DATA FOR THE TASK below:
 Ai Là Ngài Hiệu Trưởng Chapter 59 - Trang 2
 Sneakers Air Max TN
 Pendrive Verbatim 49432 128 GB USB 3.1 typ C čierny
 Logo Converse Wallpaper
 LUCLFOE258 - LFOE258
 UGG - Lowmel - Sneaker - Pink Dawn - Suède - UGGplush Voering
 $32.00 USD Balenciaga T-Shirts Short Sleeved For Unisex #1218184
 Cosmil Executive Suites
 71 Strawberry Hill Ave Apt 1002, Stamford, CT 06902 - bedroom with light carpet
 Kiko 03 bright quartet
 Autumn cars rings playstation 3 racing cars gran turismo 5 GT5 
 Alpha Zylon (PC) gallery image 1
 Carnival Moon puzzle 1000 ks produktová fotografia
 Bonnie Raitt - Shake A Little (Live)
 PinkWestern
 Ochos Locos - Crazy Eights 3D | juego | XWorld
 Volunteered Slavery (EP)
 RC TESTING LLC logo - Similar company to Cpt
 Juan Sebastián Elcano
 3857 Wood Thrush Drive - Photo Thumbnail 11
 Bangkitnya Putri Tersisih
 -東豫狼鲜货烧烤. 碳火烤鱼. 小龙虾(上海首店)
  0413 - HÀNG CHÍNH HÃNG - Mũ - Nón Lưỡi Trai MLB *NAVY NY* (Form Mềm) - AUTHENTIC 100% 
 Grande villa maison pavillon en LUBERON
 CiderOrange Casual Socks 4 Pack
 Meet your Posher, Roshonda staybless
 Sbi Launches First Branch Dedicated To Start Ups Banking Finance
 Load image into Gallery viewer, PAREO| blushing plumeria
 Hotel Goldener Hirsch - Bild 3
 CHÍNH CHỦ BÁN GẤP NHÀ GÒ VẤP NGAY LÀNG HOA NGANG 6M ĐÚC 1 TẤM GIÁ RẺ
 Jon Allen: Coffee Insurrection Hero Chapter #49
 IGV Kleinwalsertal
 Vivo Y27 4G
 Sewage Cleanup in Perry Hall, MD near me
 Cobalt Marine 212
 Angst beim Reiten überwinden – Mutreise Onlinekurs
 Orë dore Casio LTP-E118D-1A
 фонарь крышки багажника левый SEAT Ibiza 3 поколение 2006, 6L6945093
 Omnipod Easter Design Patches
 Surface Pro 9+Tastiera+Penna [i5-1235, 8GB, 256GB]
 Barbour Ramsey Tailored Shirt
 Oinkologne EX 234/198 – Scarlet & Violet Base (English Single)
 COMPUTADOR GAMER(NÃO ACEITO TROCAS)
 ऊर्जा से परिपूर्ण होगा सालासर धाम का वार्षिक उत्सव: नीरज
End of DATA FOR THE TASK.
• WHAT IS EXPECTED
Beginning at the first line of the data above, retype each line until you reach the line containing "Alpha Zylon (PC) gallery image 1", and include that one too. Add nothing else.

• ANSWER TO THIS TASK
 Ai Là Ngài Hiệu Trưởng Chapter 59 - Trang 2
 Sneakers Air Max TN
 Pendrive Verbatim 49432 128 GB USB 3.1 typ C čierny
 Logo Converse Wallpaper
 LUCLFOE258 - LFOE258
 UGG - Lowmel - Sneaker - Pink Dawn - Suède - UGGplush Voering
 $32.00 USD Balenciaga T-Shirts Short Sleeved For Unisex #1218184
 Cosmil Executive Suites
 71 Strawberry Hill Ave Apt 1002, Stamford, CT 06902 - bedroom with light carpet
 Kiko 03 bright quartet
 Autumn cars rings playstation 3 racing cars gran turismo 5 GT5 
 Alpha Zylon (PC) gallery image 1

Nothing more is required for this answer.